Opioid Crisis Prompts FDA To Restrict OTC Drug Imodium

The opioid crisis in the United States is bad and getting worse. Indeed, you can make a valid case that the opioid crisis is actually spinning out of control. Last week the FDA announced that it is restricting the sale of Imodium (loperamide). Imodium combats and controls diarrhea.


opioid crisis

Opioid Crisis: Why Imodium?

Increasingly, people addicted to opioid painkillers are using dangerously high doses of the diarrhea drug Imodium (loperamide), to help ease withdrawal.

So, on Tuesday the U.S. Food and Drug Administration said it’s putting new restrictions on the packaging of the medication, dubbed by some as “the poor man’s methadone.”

“When higher than recommended doses are taken we’ve received reports of serious heart problems and deaths with loperamide, particularly among people who are intentionally misusing or abusing high doses,” FDA commissioner Dr. Scott Gottlieb said in an agency news release.

Because opioid abusers are using the drug in greater numbers, the FDA is requesting that manufacturers change the way they label and package these drugs, to stem abuse and misuse.

The FDA already slapped a warning on OTC loperamide labeling in the spring of 2017, cautioning users about the dangers of misuse.

The latest changes relate to the drugs’ packaging.


Opioid Crisis: Reduced Dosages of OTC drugs

Specifically, Imodium packages will now only contain a limited amount of loperamide appropriate for use for short-term [‘Traveler’s’] diarrhea. A package will now only contain eight 2-milligram capsules of the diarrhea drug in a blister pack, the FDA said.

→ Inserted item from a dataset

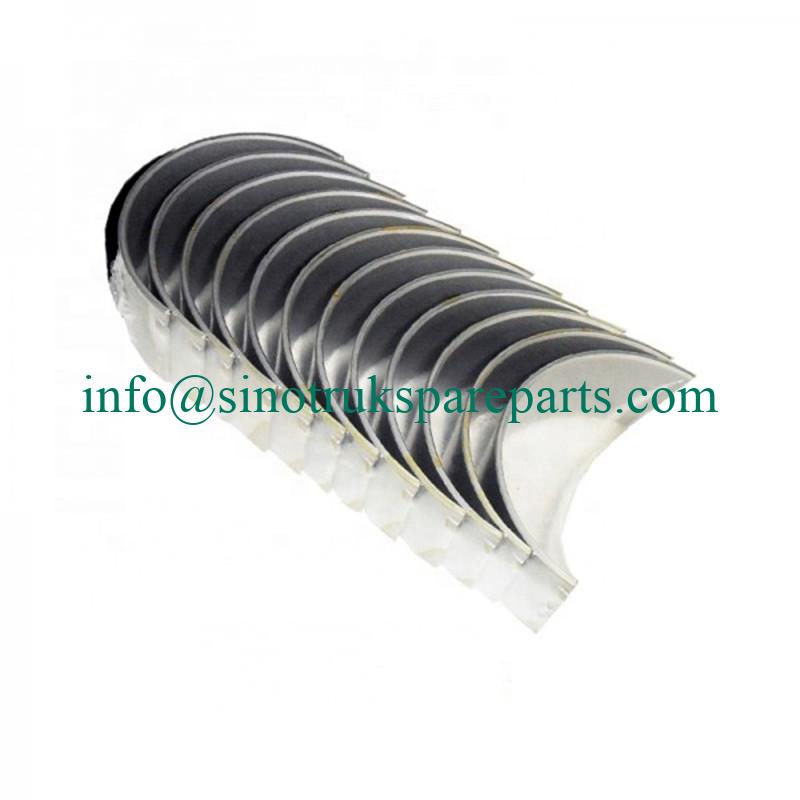 SINOTRUK MC11 main bearing 201V01113-0113 201V01113-0115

The new rules will also eliminate the sale of loperamide in large bottles. Typically, addicts buy these large bottles on the internet.

One busy emergency room doctor said he’s witnessed the problem firsthand, and “applauds” the FDA’s latest move.

“I most often encounter patients who abuse loperamide either to get high or to self-treat symptoms of opioid withdrawal,” said Dr. Robert Glatter, of Lenox Hill Hospital in New York City. “Many people view it as low risk since they think it’s only medicine to treat diarrhea.”

“But those who abuse it to get high are gambling with their life, in essence,” he said. “Simply put, escalating use may place you at risk for an overdose. An overdose of loperamide can make you stop breathing, drop your blood pressure, or even cause a fatal heart arrhythmia.”


Opioid Crisis: Future Actions

It’s clear that more restrictions on the sale of OTC drugs are necessary to combat the illicit drug use. Education is also important and should start at the elementary grades.